The main weapons the US wields are federal laws that require banks to report every deposit and withdrawal of $10,000 or more, and every departing traveler to declare $5,000 and above.
''We're not talking about millions of dollars here,'' Mr. Marcus says.
''No, we're talking about billions, run by foreign cartels - Peruvians, Bolivians, Colombians.
''We're talking about amounts so big that they are comparable to petrodollars.''
His office has aimed at both ends of the drug trafficking pipeline, watching officials and smugglers in countries where drugs originate (Colombia, Peru, Bolivia), transit countries (Cuba, Jamaica, the Bahamas), distribution points (Miami, New York), and buyers (all major US cities).
A vulnerable point for traffickers is when they try to ''launder'' their cash - either through banks into legitimate businesses, or by electronic transfer into banks and tax havens in Switzerland, Panama, the Bahamas, and elsewhere.
In one case, a private Lear jet was said to have taken off from southern Florida bound for Panama City every Friday for eight months. Each time the pilot was alleged to have taken with him cardboard boxes filled with $5 million in cash.
Before he was caught last May 4, the man is said to have flown about $151 million to Panama banks.
The man was indicted in late 1983 on 62 counts.
On Oct. 5, 1981, Humberto Orozco deposited $3,405,230 in cash at the Deak-Perera currency exchange in Manhattan, all in cardboard boxes.
Two days later he deposited another $999,980 in cash. The next day: $537,480. Five days later: $879,000. Three days later: $1,476,420.
The money was being laundered from illegal drug sales. Orozco and his brother were convicted in May 1983.
Eight undercover FBI agents laundered more than $170 million in cash in less than a year and a half, according to FBI Director William H. Webster.

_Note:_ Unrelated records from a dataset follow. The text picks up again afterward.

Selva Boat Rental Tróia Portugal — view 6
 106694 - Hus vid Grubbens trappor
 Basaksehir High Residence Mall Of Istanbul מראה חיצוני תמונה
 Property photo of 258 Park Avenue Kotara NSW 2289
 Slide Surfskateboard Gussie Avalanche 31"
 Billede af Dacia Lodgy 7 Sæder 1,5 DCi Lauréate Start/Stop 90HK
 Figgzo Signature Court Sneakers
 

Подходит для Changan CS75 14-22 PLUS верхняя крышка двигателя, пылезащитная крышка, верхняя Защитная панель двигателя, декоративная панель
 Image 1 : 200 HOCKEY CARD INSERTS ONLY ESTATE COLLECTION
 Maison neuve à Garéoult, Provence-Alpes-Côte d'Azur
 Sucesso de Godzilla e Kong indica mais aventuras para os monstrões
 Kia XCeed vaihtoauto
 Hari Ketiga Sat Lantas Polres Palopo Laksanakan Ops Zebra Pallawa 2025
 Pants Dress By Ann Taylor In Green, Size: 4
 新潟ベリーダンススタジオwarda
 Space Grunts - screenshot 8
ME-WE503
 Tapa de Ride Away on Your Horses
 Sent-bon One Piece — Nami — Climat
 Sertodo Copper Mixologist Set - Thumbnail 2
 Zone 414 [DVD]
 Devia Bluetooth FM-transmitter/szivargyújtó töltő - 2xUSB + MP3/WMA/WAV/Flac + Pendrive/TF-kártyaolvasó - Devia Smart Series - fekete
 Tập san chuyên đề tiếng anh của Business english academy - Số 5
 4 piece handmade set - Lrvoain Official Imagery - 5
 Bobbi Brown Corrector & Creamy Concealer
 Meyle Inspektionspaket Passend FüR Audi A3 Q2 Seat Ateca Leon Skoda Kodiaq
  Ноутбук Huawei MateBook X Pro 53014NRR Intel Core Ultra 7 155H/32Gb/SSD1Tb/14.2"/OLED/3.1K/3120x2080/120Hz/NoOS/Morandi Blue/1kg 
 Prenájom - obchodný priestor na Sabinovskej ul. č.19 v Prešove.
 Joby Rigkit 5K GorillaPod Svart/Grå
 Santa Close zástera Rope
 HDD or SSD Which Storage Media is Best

Thirty-six people connected with Colombian drug cartels were indicted.
A joint project of the IRS, US Customs, and the Justice Department in 1980 indicted 148 people in its first three years, and seized $33.5 million in US currency.
Seventy-seven people were indicted under a Drug Enforcement Administration operation called ''Swordfish,'' and 17 bank accounts seized.
But low bails and the fact that many traffickers live abroad both block much of the law enforcement effort.
Thirty-seven of the 77 were still fugitives at the end of 1983. Some fled abroad. Others, including Cubans, Bolivians, and Bahamians, live abroad.
Extradition requests to the Colombian government, for instance, yielded nothing by November 1983. Some US officials see a glimmer of positive response in talks with Bogota since then - but not much.
Mexico refused to yield a Colombian called Jaime Guillot-Lara, accused of conspiring with several members of the Central Committee of the Cuban Communist Party to smuggle cocaine and marijuana to the southeastern US.
A former Bolivian minister of the interior, Col. Luis Arce Gomez, remains free although he was indicted with 17 others on charges of conspiring to import hundreds of pounds of cocaine into the US and distribute it from Miami.
Some officials of Florida banks have been convicted. They accepted large deposits in cash without reporting them.
One more problem for traffickers: how physically to handle the money.
One of the many facts about money Mr. Marcus has amassed since his appointment to the southern Florida antidrug task force in early 1982 is that $2 million in $20 bills weighs 235 pounds.
One law enables assets such as autos and bank balances to be seized pending trial. If a trafficker is acquitted, he can petition for his assets back.
The US has some of the most effective seizure laws in the world. The United Kingdom is considering tougher measures. Italy has some of the strongest: assets even suspected of being connected to drug dealing can be frozen immediately.
Assets seized in southern Florida alone in fiscal 1983 totaled more than $20 million. In the Everglades, drug enforcement agents seized 39 vessels, 31 vehicles, and 3 airplanes.